この記事のほとんどまたは全てが唯一の出典にのみ基づいています。 (2024年1月) |
この年の宝塚記念は出走頭数僅か7頭と少ない顔ぶれで、ファン投票第1位のキタノカチドキが脚部不安により回避、第2位のタニノチカラも体調万全ではなく自重[1]、八大競走の勝ち馬が出走せず小粒なメンバーとなった。
1番人気の福永洋一騎乗のニホンピロセダン。キタノカチドキと同じ服部正利厩舎の所属馬で、前年には京都新聞杯と神戸新聞杯でキタノカチドキとワンツーの2着、同年は天皇賞(春)でイチフジイサミの3着に入った。

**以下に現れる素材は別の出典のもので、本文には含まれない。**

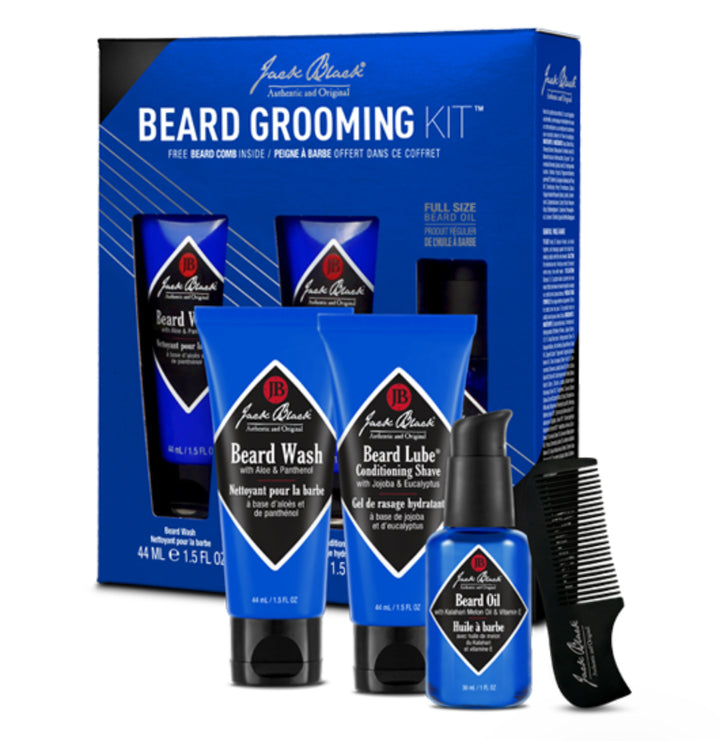 Beard Grooming Kit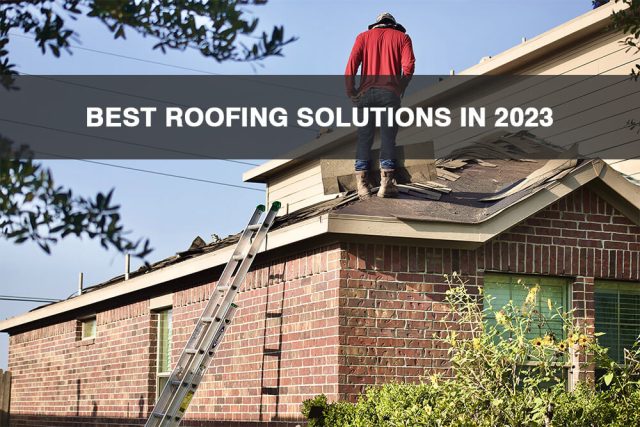 Best Roof Repair, Replacement and Maintenance Solutions in 2023 best roof roofing repair and replacement solutions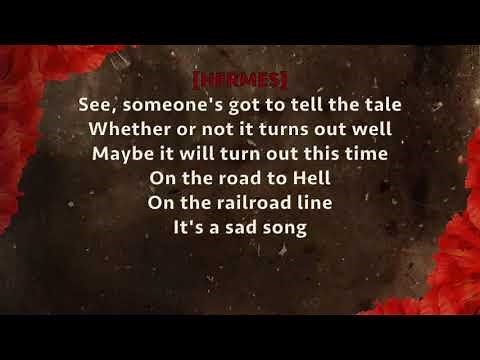 Hadestown Original Broadway Cast - Road To Hell I - Lyrics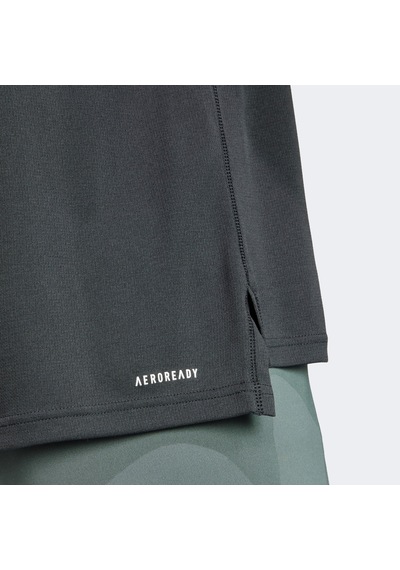 Adidas Train Essentials Erkek Siyah Günlük Sweatshirt - Il7157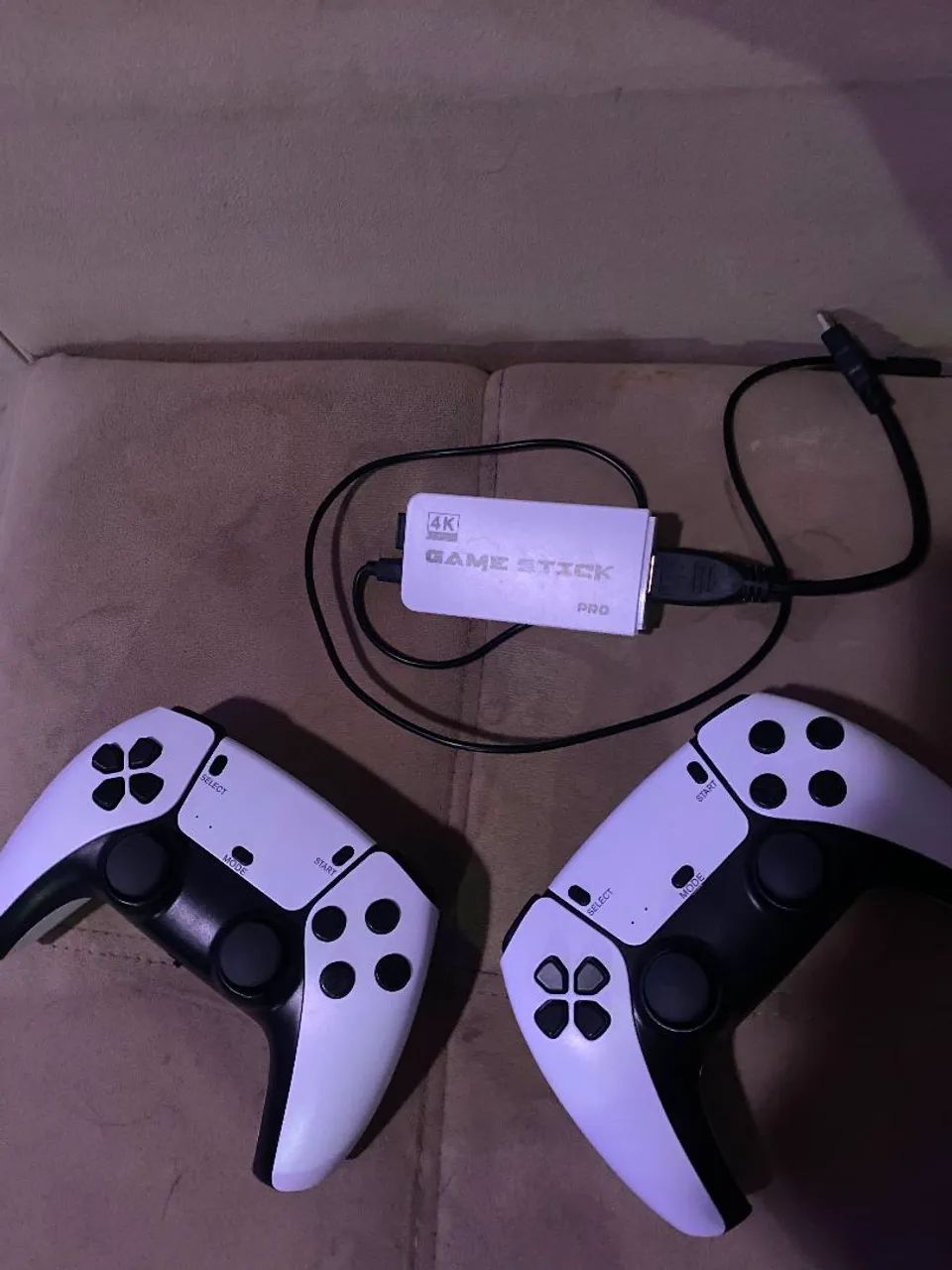 Game stick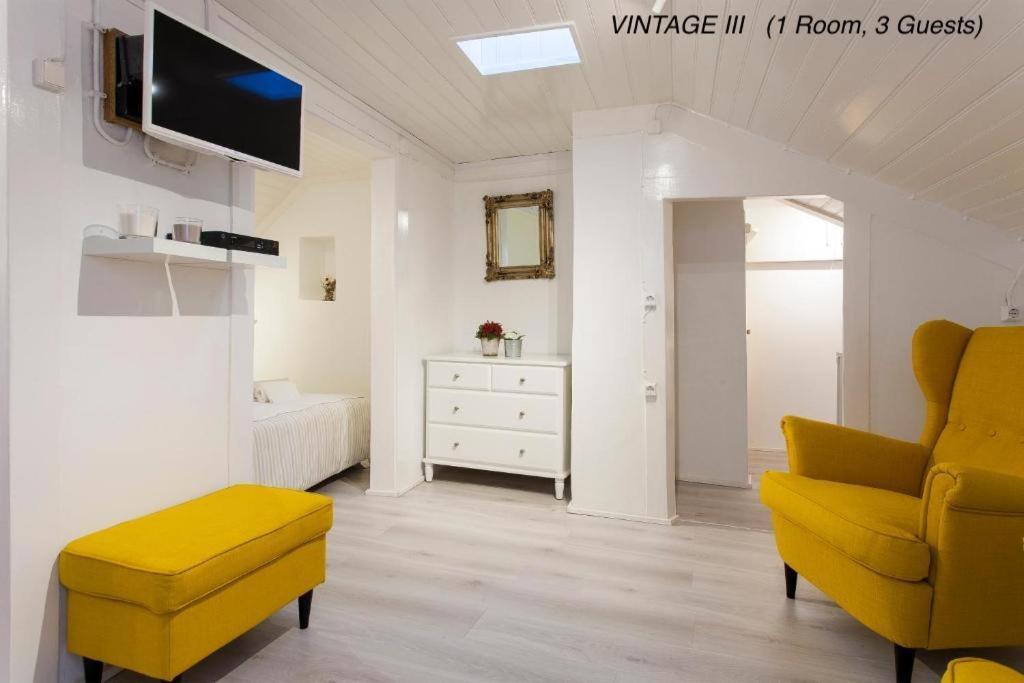 Alfama Vintage 1 Ten Guests - Alfama Vintage 2 Five Guests - Alfama Vintage 3 Three Guests Lisboa Extérieur photo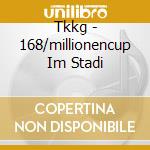Tkkg - 168/millionencup Im Stadi cd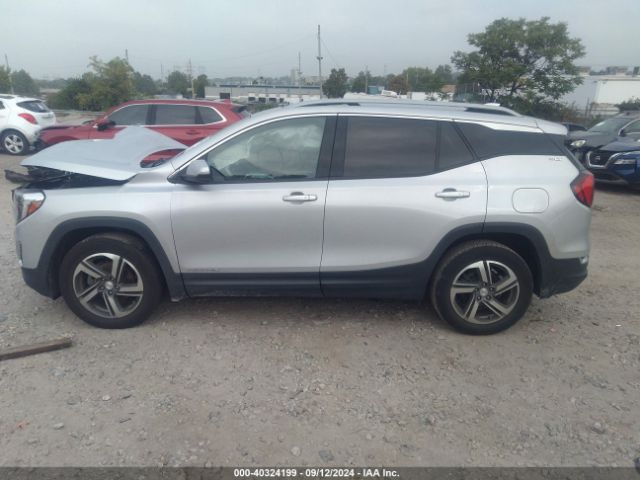 3GKALVEV5KL339232 GMC Terrain Slt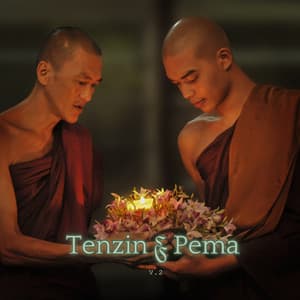 The Many Voices of Om - Tenzin and Pema
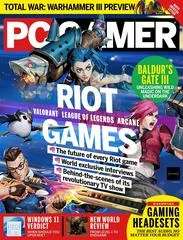 Carátula de PC Gamer [Issue 352]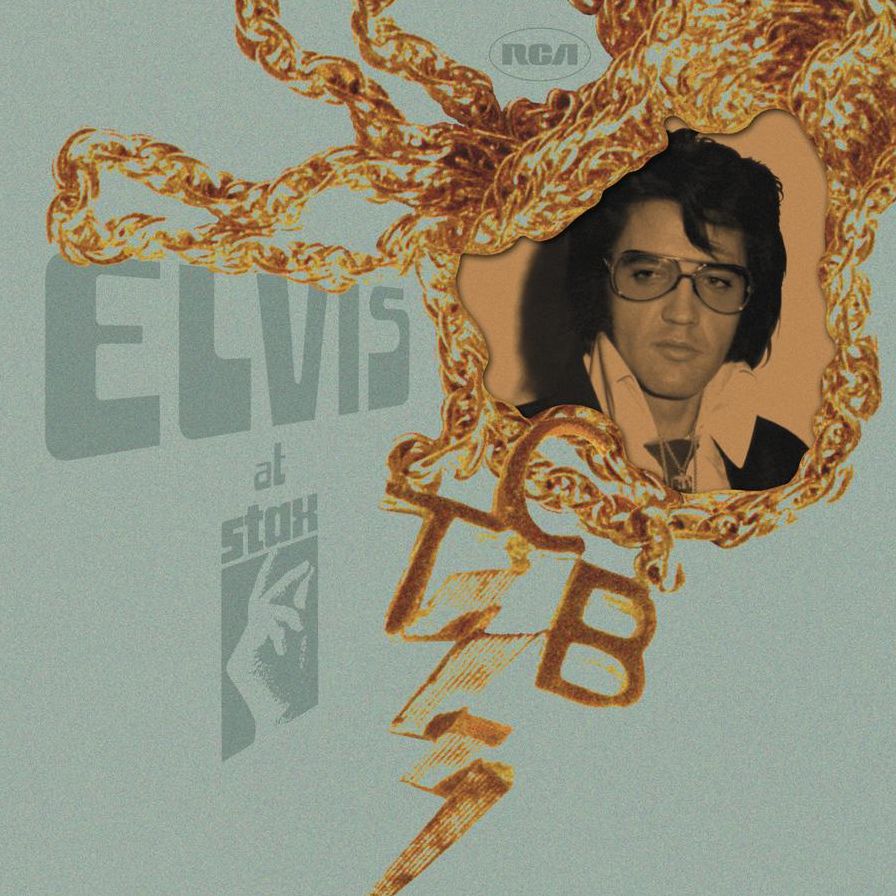 ELVIS AT STAX (RMST)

2番人気は「花の47年組」で、前々年の第14回宝塚記念2着のナオキ。母エイトクラウンは1966年の第7回宝塚記念馬で、今回は母仔二代制覇が懸かる。父はスプリンターのサウンドトラックであったが、春秋とも3200mの天皇賞に4回挑戦して玉砕する一方、2000m以下では4回のレコード更新。同年は3月に中京記念、鳴尾記念を連勝していた。
3番人気は関東馬フェアーリュウ。前年の菊花賞3着馬で、この年は目黒記念(春)2着、天皇賞(春)は4着であった。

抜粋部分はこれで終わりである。